VK: How do you time-manage? How do you juggle family, tattoos, magazines, travelling for work…

MB: There are two things. I’m an expert at optimising things and my time, especially. At school, I could never learn things if I didn’t understand how they worked in the bigger picture. So, for example, if I learnt something in maths, I needed to understand how it worked with the physics classes and then how that would be coherent with biology. Then I was, “Okay, so how is this coherent with what I’m learning in the philosophy class or psychology or history?” I cannot retain—I have no interest in getting—information if it doesn’t help me understand the world, if it doesn’t improve my—in German there’s a term Weltanschauung—the vision of the world. And you know that’s something that made it difficult for me to study at times, because you go to school and it’s all “maths, maths, maths” and then there’s no effort to make these things coherent and so a lot of things are never retained.

But the things that are retained, they make so much sense to me and I can use them really well. And so, now that I’m not at school anymore but I’m in the real world, I only do something if it makes sense in a general bigger picture. I see all the things I do as just elements of one big thing. I never do anything that’s a waste of time in that respect. When I’m tattooing, I will immediately wonder how it relates to design, how it relates to the business, how it relates to the people around me, how it relates to my family. When I do one thing, it’s always useful on every level—it’s very much like cooking. At the end of the day, I have fairly normal days, it’s just that there’s no losses almost; losses make me really, really anxious.

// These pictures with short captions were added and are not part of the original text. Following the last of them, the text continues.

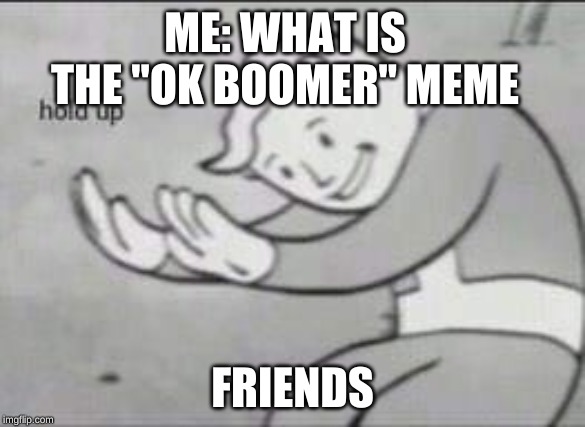 Fallout Hold Up | ME: WHAT IS THE "OK BOOMER" MEME; FRIENDS | image tagged in fallout hold up | made w/ Imgflip meme maker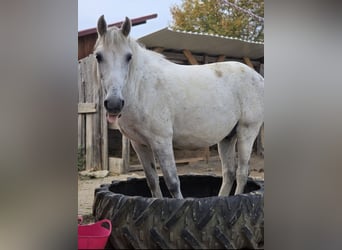 Weitere Ponys/Kleinpferde Mix, Wallach, 12 Jahre, 142 cm, Apfelschimmel
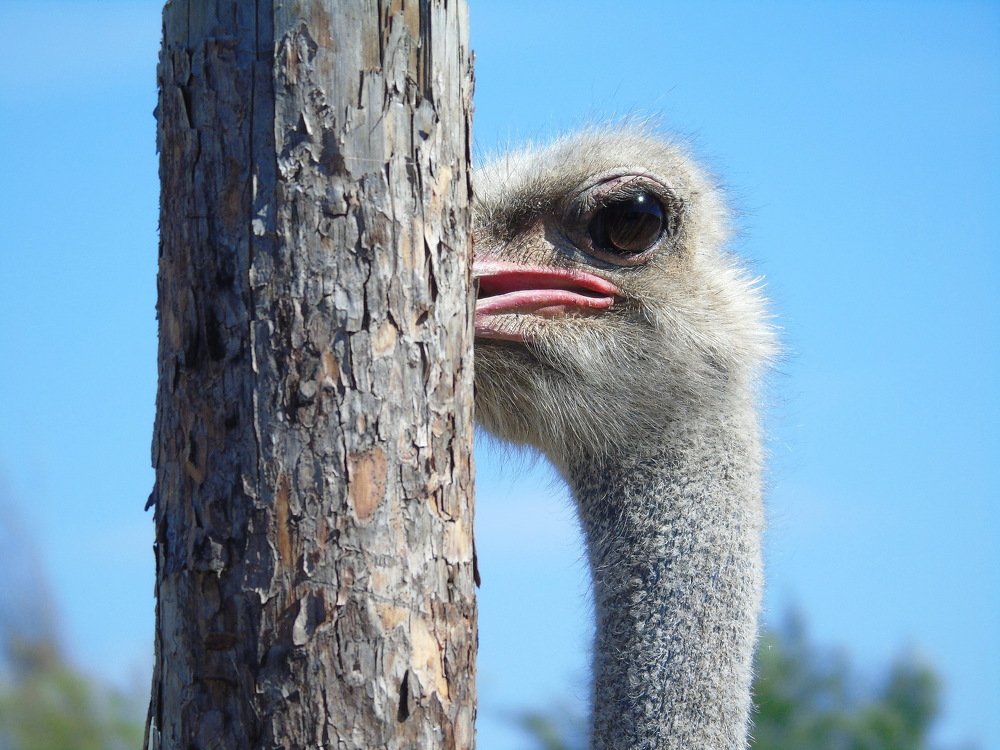 Страус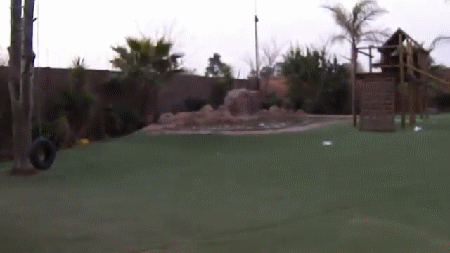 гифки-домашний-тигр-обед-внезапно-644995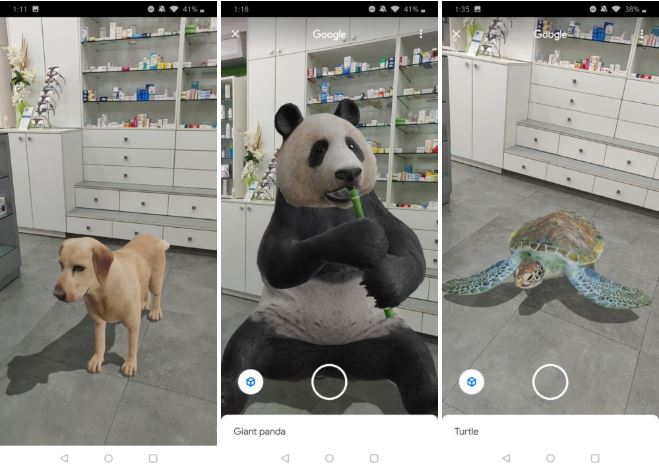 Google 3D Augment Reality Panda Dog Turtle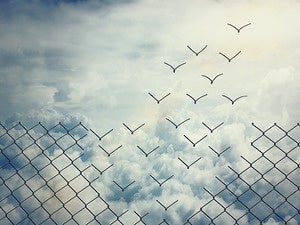 Can training transform CISOs into business leaders?
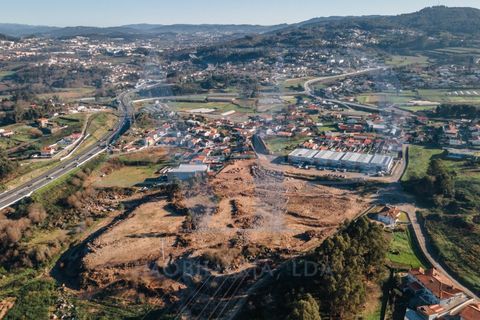 Tomt i Serzedelo, Braga, Serzedelo - € 1 500 000 | Ref: 001000012 - foto 2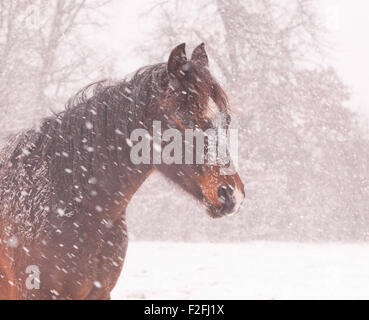 Dunkle Bucht Araberhengst in einem Schneesturm Stockfoto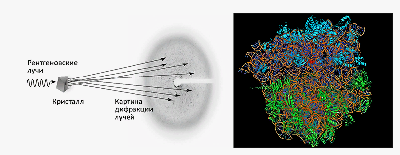 Рентген раскрывает тайны прочности стекла для Космоса и Атома Рентген раскрывает тайны прочности стекла для Космоса и Атома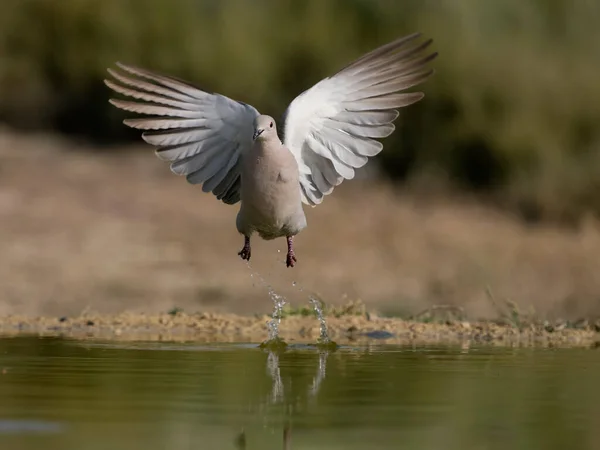Collared Dove Streptopelia Decaocto Single Bird Flight Water Spain July — Stock Photo, Image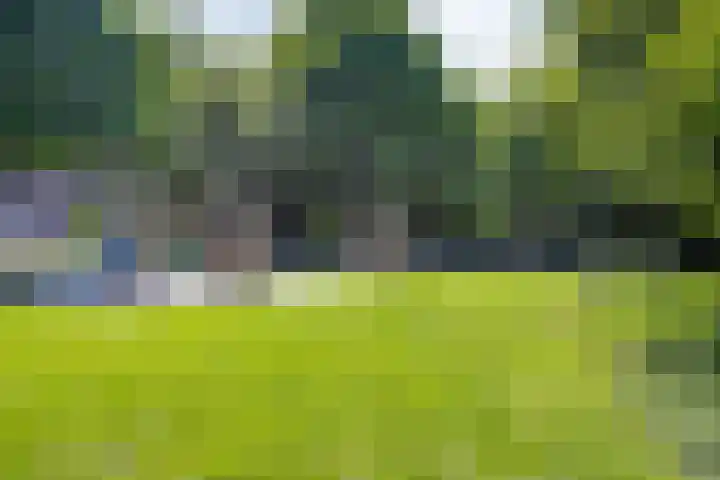 Reitdiep 12 Zaandam thumbnail 47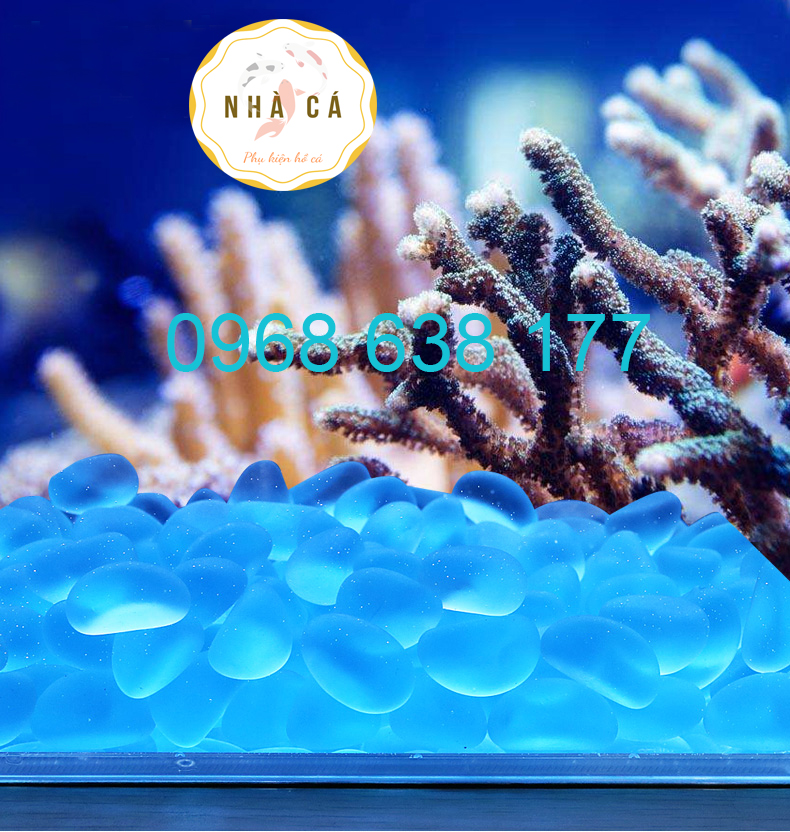 200g ĐÁ XANH PHỦ MỜ LÓT NỀN BỂ CÁ - ĐÁ THẦN KÌ - ĐÁ TRANG TRÍ HỒ CÁ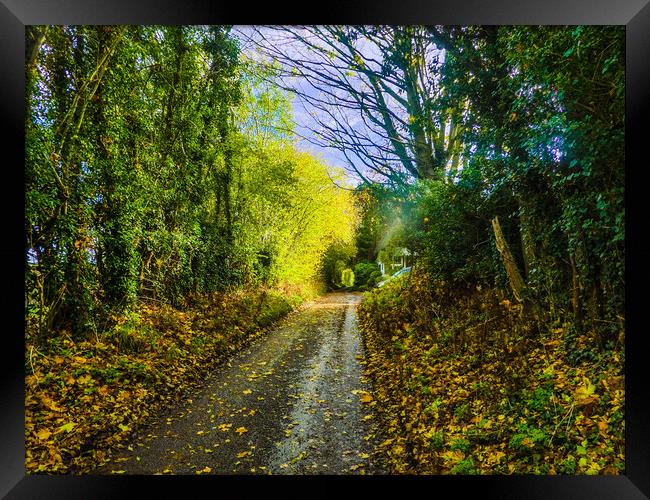 Tranquil Autumn Lane Framed Print by Simon Hill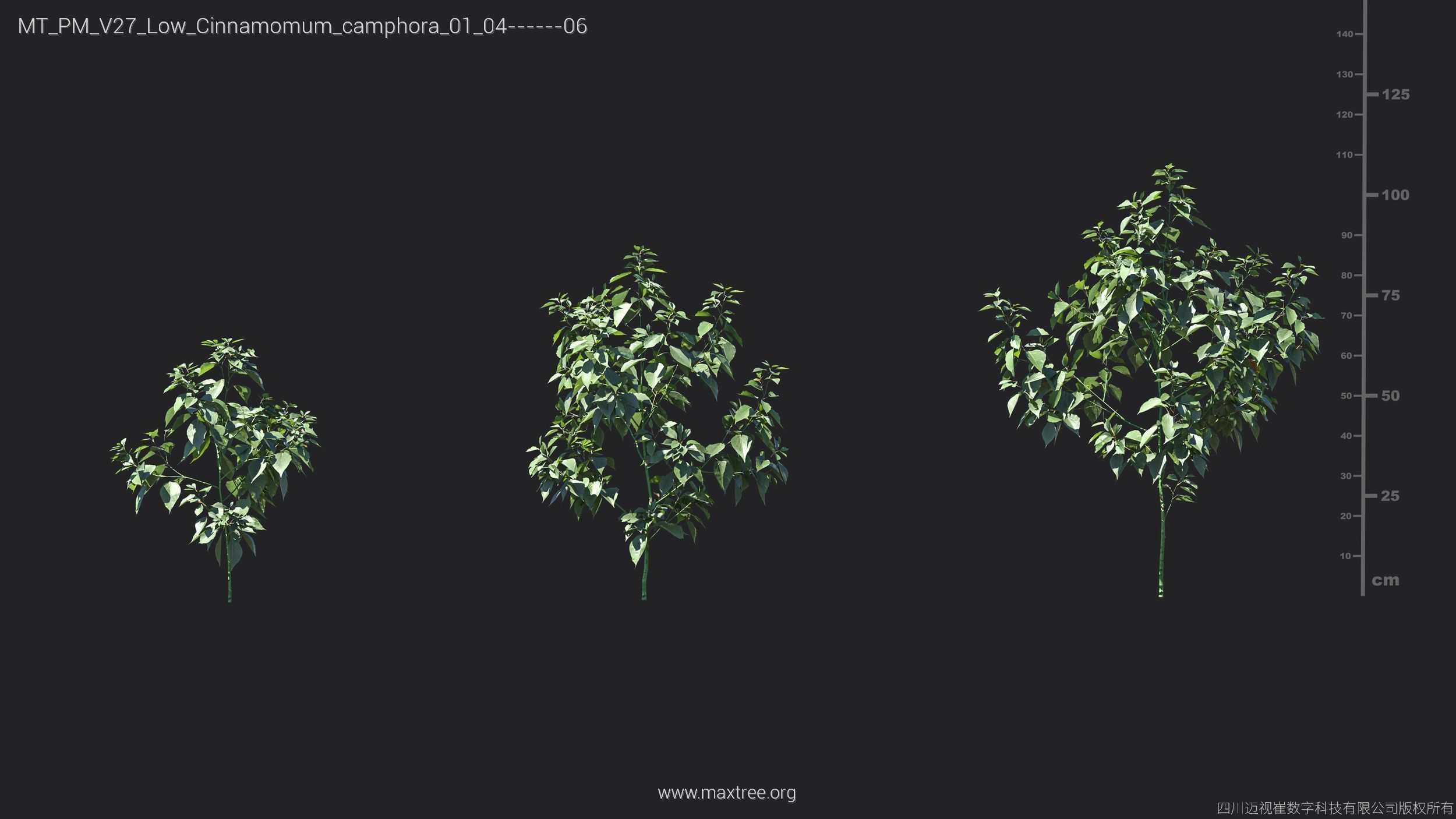 Maxtree Plant Models Vol 27 Low Poly - Mesh 3D model_8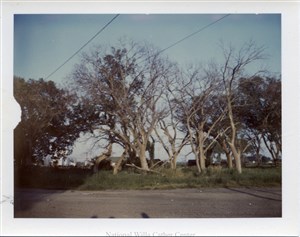 Image description is not available for PHO-4-W689-291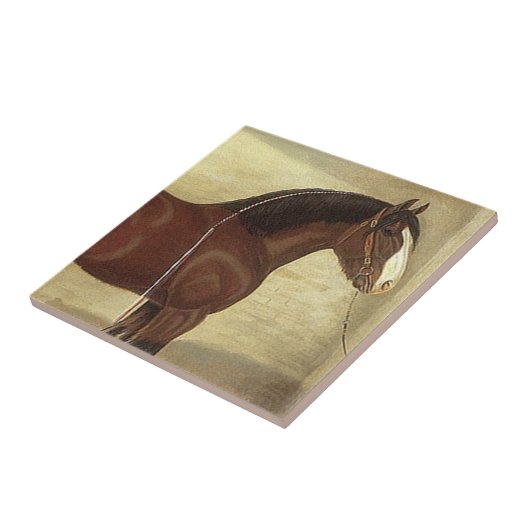 Antiek Kunst Bay Clydesdale Draft Horse Tile Trive Tegeltje (Zijkant)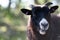 Closeup shot of an adorable Romanov sheep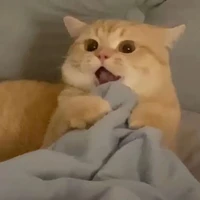 bquyên 🐍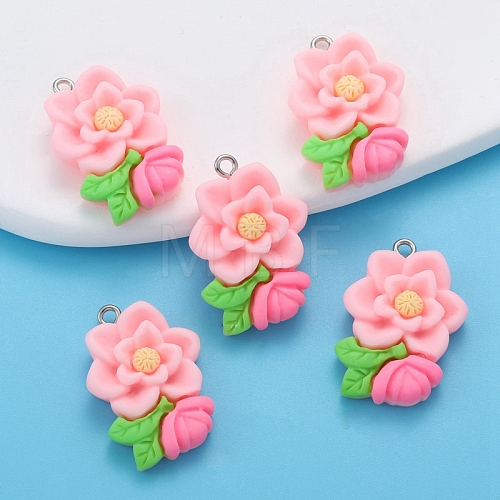 Resin Pendants PW-WG225B2-02-1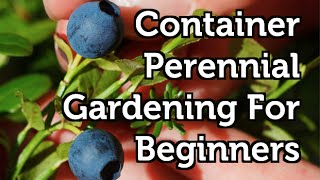 Container Gardening For Beginners -- Perennial Fruits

Most people have a notion that there’s work and there’s not-work; I don’t have this notion. If I go somewhere with my family and I’m on “holidays”, I might be taking photos of my family in a beautiful place but then I might see something and you know what, it would be a great photo for the background on a website or this could be inspiration for a tattoo, this could be something for… I’ll just take the photo, it’s there, it exists, I’ll use it later, you know what I mean?

The other thing, something really pragmatic as well: I’m quite organised. I’m not rigidly organised but I’m quite organised for the number of things I do. I’m also a geek, so I love things—I like to make things work, I love tools from physical tools to digital tools. I like the process of creating. I will always learn new things to be able to do things myself, so I’m not relying on a lot of other people, which is good and bad because sometimes you need to get over the, “No, I’ll do it myself” and that’s very hard as well.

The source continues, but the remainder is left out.